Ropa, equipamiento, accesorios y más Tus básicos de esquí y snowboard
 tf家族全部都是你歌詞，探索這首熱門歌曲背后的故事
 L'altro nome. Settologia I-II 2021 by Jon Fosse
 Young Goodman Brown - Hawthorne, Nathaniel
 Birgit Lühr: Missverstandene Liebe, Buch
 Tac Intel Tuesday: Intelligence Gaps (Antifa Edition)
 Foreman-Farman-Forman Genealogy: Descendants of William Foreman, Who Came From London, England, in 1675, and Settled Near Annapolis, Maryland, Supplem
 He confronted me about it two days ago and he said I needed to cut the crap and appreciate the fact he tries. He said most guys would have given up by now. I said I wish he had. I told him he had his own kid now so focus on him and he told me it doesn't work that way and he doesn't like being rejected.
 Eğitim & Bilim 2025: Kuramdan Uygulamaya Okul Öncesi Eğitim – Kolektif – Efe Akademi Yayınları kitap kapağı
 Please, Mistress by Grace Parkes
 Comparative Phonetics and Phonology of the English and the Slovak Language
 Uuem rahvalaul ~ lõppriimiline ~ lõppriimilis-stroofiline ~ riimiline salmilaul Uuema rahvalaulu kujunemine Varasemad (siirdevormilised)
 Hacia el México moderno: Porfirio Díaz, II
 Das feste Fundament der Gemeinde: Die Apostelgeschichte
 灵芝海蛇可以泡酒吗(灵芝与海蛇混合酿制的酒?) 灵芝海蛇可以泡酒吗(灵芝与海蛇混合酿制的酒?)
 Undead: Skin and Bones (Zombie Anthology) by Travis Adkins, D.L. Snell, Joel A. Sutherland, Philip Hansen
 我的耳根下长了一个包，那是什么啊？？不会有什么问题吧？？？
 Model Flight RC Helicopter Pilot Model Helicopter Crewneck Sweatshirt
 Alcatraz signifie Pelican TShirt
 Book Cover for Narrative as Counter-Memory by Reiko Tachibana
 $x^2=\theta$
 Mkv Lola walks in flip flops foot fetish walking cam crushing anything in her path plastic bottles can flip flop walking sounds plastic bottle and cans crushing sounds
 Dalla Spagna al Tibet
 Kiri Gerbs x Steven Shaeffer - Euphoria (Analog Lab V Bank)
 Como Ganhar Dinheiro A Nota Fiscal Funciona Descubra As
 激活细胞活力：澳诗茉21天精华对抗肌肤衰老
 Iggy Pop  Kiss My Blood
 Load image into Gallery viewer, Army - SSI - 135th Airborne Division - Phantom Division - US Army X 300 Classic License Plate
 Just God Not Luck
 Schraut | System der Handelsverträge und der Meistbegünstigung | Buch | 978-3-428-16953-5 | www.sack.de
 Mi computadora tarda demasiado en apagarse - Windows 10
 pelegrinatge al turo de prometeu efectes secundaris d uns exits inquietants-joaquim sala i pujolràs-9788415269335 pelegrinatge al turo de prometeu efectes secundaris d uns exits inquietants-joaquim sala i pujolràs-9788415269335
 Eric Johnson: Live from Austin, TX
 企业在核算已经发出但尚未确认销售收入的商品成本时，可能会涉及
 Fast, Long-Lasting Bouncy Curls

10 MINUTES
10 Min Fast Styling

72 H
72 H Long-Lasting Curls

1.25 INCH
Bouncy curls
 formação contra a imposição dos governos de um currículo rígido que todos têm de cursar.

+ + +

EXERCISE BRIEF -
The lines needed are those in the data above that hold the string "Bouncy"; copy each of them.

OUTPUT -
 Fast, Long-Lasting Bouncy Curls
Bouncy curls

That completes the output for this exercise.